We at Save Our Rivers Society were blessed indeed to have as allies in the recent fight, the Wilderness Committee and their spokespersons, Joe Foy and Gwen Barlee with whom I shared many a speaker’s podium. But WC has a broad mandate and it might have been that other priorities would have made it impossible for them to fight our fight as comrades. Similarly, with our mandate at SORS we might find that our resources were stretched too thin to help WC in a particular issue. But this makes this point – what if environmental activists simply got one coordinating point so that, for example, when WC would like support, the coordinator could canvas other groups and see what help they could spare.

Here’s a hypothetical way it might work. Suppose the Wilderness Committee was unable to commit as a group to SORS fight because they had too many irons in the fire. A coordinator would be able to call WC and say – “here are rallies we’ve put together. Can you spare Joe or Gwen Barlee for a speech on such and such a day?” In other words, a coordinator would not in any way interfere with the mandates of other organizations or connote a coalition or amalgamation – integration might be the better word – but would provide sort of a clearing house so that we can all help each other out when we’re able to and to the extaent we can and still satisfy our respective mandates.

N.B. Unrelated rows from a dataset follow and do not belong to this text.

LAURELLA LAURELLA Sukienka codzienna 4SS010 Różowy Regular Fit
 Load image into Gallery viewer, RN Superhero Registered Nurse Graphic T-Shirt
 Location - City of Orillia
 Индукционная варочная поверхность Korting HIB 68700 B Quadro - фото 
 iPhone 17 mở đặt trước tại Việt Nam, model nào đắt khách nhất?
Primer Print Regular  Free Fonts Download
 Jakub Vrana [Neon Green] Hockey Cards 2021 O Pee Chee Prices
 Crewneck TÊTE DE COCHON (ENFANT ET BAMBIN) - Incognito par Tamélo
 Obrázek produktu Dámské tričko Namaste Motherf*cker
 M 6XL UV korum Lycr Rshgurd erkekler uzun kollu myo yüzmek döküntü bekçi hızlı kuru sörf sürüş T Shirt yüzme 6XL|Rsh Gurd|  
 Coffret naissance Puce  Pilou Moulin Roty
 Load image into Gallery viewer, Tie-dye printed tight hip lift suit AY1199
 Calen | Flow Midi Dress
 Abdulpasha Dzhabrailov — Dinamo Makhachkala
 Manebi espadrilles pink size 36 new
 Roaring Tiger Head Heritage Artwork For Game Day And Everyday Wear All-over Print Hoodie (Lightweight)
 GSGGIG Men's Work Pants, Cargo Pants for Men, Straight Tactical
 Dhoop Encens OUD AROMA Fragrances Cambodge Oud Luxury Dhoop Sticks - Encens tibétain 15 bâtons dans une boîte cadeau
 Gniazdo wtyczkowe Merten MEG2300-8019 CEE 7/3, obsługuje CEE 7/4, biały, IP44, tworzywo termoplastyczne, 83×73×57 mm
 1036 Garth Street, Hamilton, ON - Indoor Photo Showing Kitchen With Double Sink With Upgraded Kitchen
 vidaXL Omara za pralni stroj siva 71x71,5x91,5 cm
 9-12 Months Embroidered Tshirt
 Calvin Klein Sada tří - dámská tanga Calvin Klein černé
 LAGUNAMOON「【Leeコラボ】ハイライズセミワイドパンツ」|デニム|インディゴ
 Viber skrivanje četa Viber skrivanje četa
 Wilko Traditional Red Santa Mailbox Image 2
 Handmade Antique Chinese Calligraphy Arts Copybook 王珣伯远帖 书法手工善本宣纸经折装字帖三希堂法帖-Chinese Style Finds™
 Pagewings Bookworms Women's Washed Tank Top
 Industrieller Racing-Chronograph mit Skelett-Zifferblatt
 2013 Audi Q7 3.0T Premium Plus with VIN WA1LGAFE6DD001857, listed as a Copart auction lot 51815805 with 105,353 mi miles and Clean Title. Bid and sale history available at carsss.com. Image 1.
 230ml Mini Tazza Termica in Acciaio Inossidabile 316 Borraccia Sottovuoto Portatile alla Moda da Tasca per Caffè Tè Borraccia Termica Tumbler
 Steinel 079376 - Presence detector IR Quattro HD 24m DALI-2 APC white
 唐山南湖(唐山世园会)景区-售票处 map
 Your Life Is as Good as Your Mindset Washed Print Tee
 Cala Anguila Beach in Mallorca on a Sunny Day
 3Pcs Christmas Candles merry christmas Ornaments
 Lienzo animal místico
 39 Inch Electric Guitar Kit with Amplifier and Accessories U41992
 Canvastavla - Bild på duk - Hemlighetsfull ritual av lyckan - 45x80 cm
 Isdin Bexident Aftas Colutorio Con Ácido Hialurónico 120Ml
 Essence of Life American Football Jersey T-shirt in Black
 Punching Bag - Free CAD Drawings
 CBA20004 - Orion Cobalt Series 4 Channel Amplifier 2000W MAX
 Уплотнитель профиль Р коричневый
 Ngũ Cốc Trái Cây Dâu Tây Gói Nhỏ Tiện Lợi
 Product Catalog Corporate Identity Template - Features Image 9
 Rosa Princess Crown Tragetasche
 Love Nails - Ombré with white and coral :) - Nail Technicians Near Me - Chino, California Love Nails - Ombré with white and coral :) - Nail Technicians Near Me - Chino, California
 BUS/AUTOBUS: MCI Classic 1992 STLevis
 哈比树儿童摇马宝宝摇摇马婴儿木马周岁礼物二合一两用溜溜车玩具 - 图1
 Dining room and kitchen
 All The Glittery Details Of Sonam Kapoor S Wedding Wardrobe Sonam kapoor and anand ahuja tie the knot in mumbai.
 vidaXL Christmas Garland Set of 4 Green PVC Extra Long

The next four years will be the roughest in my memory. All of us in the environmental field will be fighting both governments on a number of battlegrounds. What a plus for us if every army in the field could get a bit of help here and there.

This does in fact happen but not, in my view, on a wide enough basis.

An idea whose time has come?

Or another dud?

At the very least it’s worth looking at.

One Response to “The Battle has barely begun V”

  1. Evil Eye says:

    Rafe, we do live in evil times as the present lot in power, abetted by the mainstream media, have little to fear as the news is massaged in such a way that the populace overlook the frightening details.

    The ‘Eye’ has other fish to fry, but always follows the dreadful run-of-river projects.

    I pity the likes of Berman and Suzuki, who now seem to have spent their ‘green’ credentials to suit their political masters – shame on them.

    It will take more than speeches to change this government and I’m afraid the only means to get the Campbell’s and his lickspittals to listen is the scare him and them and scare them silly.

    A massive public demon station during the Olympics would do the trick!